Meine Damen und Herren, für die CDU-Fraktion erteile ich nun Frau Ross-Luttmann das Wort. Bitte!

Herr Präsident! Meine sehr geehrten Damen und Herren! Mit Ihrem Gesetzentwurf möchten Sie erreichen, dass Mitglieder der Landesregierung nicht mehr zeitgleich ihr Mandat als Landtagsabgeordnete wahrnehmen dürfen. Stattdessen soll für die Dauer der Ausübung des Regierungsamtes das Landtagsmandat ruhen und ein Nachrücker über die Liste der jeweiligen Partei zum Zuge kommen.

Im Wesentlichen berufen Sie sich hierfür auf die Verfassungen der beiden Stadtstaaten Hamburg und Bremen, die die Trennung von Mandat und Regierungsamt vorsehen, ohne dass Sie aber die Historie und die Besonderheiten der Parlamente dieser Stadtstaaten berücksichtigt haben.

Ihre Überlegungen zur Vermeidung von Ämtervereinigungen werden nicht zum ersten Mal in parlamentarischen Debatten von Ihnen aufgeworfen oder unter Verfassungsrechtlern diskutiert. Grundsätzlich, denke ich, dürften beide Varianten - die Vereinbarkeit wie die Unvereinbarkeit von Amt und Abgeordnetentätigkeit - verfassungskonform sein.

Für beide Standpunkte gibt es gute Argumente. Für Ihre Position spricht zum einen sicherlich die Gewaltenteilung, nämlich Legislative - Parlament - und Exekutive - Regierung - strikt voneinander zu trennen. Schließlich schreiben unser Grundgesetz und die Landesverfassung die Gewaltenteilung fest.

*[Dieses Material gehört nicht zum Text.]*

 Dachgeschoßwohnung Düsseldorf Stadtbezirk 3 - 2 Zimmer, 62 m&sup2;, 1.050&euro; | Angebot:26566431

(Zustimmung bei den GRÜNEN)

Zum anderen dürfte auch die Tatsache, dass jeder Minister oder jede Ministerin als Teil des Kollegialorgans Kabinett der Richtlinienkompetenz des Ministerpräsidenten unterliegt, in Einzelfällen durchaus ein Spannungsverhältnis des Ministers zur Ausübung seines Mandates zur Folge haben.

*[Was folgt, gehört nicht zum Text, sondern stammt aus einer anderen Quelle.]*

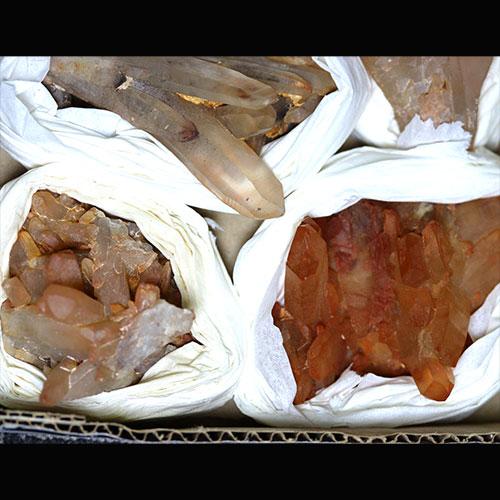 〔D330-1〕箱売り モロッコ産レッドクォーツクラスター(天然赤水晶)/Red Quartz【メール便不可】の画像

Aber auch für die Beibehaltung des jetzigen Systems gibt es gewichtige Gründe. Weil es heute um die erste Beratung geht, möchte ich hier im Wesentlichen drei Punkte aufgreifen.

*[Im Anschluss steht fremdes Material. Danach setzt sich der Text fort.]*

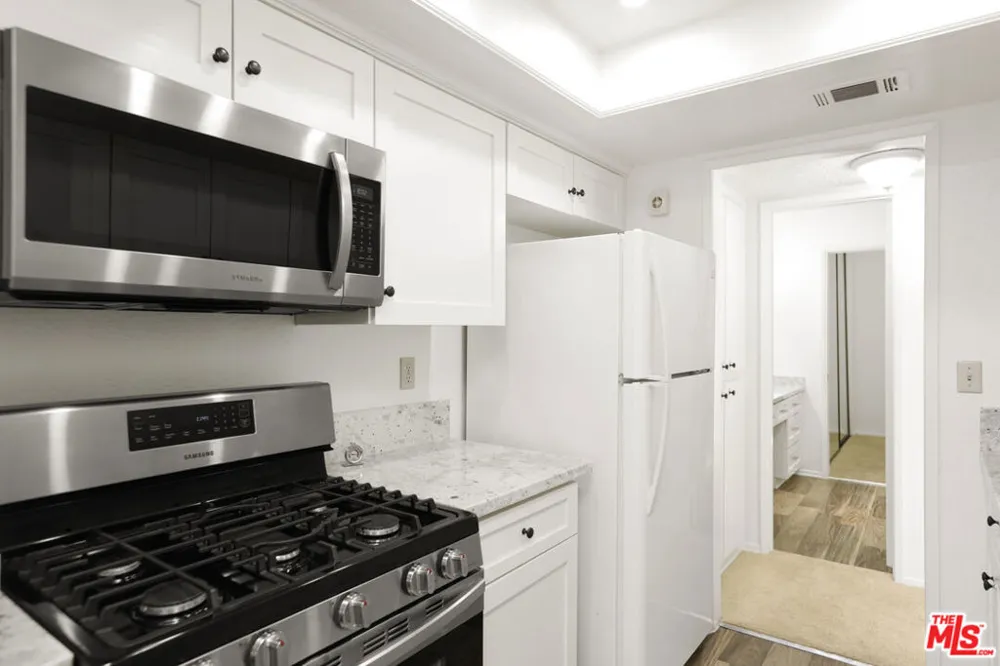 600 Central Avenue #294 Riverside, CA 92507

Erstens. Schon 1977 hat der Hessische Staatsgerichtshof ausgeführt, dass der Sinn des Gewaltenteilungsprinzips - hierauf kommt es ja an - nicht die scharfe Trennung der Funktion der Staatsgewalt, sondern ihre Begrenzung und gegenseitige Kontrolle ist. Gewisse Grenzüberschreitungen seien rechtlich zulässig, solange nicht eine Gewalt gestaltend in die andere hineingreift. Die gleichzeitige Ausübung von Mandat und Regierungsamt ermögliche den Mehrheitsfraktionen aber nach wie vor besondere Einflussnahme, Kontrolle und Kritik der Regierung.

Zweitens. Bisher waren die Regierungsmitglieder in Niedersachsen regelmäßig mehrheitlich auch Landtagsabgeordnete. Es handelt sich erkennbar um historisch gewachsenes Verfassungsgewohnheitsrecht, das seinen Ursprung in der Weimarer Zeit hat und Element der modernen parlamentarischen Demokratie westeuropäischer Prägung ist. Unser Parlamentssystem setzt gewohnheitsrechtlich die Ämtervereinigung als Selbstverständlichkeit voraus. Das hat sich bewährt, und, sehr geehrter Herr Limburg, es funktioniert auch.

(Beifall bei der CDU und bei der FDP)

Drittens. Die Ämtervereinigung steigert die Intensität der Verantwortlichkeit gegenüber den Mehrheitsfraktionen. Sie stärkt den Kontakt zwischen den Regierungsmitgliedern und den sie tragenden Mehrheitsfraktionen.